Voscherau empfiehlt seiner Partei Gespräche mit den Liberalen und geht damit auf Konfrontationskurs zu Scholz, der die GAL präferiert.

Hamburg. Zwei Wochen vor der Bürgerschaftswahl hat Altbürgermeister Henning Voscherau (SPD) die Debatte um ein sozialliberales Bündnis in der Hansestadt neu entfacht. Im "Focus" empfahl er seiner Partei in Hamburg eine Koalition mit der FDP und eine Abkehr von einem möglichen rot-grünen Bündnis. Damit geht er auf Konfrontationskurs zu SPD-Spitzenkandidat Olaf Scholz. Dieser hat sich auf die GAL als "Wunschpartner" in einer Koalitionsregierung festgelegt.
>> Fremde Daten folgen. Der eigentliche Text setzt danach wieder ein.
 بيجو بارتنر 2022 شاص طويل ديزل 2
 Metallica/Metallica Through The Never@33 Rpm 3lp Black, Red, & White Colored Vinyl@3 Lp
Voscherau sagte dem Nachrichtenmagazin: "Die unideologischen Salon-Grünen haben es aufgrund von Fehlleistungen und Verfilzung am meisten verdient, nach der Wahl in der Opposition zu landen." Voscherau selbst hatte 1993 als Bürgermeister Koalitionsverhandlungen mit den Grünen abgebrochen, war ein Bündnis mit der STATT Partei eingegangen. Als vier Jahre später alles auf ein SPD/GAL-Bündnis zulief, trat Voscherau am Wahlabend zurück.

Zustimmung bekommt der frühere Bürgermeister von den Hamburger Jusos. Deren Chef, Nicholas Gildemeister, sagte dem Abendblatt: "Es darf keinen Automatismus geben, dass die SPD der GAL alles zusagt, ohne andere Optionen zu prüfen." Zumal es nach der jüngsten Meinungsumfrage so aussieht, als ob es die Liberalen in die Bürgerschaft schaffen könnten. "Man muss sich gegebenenfalls mit beiden möglichen Partnern hinsetzen und schauen, mit wem mehr SPD möglich ist", sagte Gildemeister.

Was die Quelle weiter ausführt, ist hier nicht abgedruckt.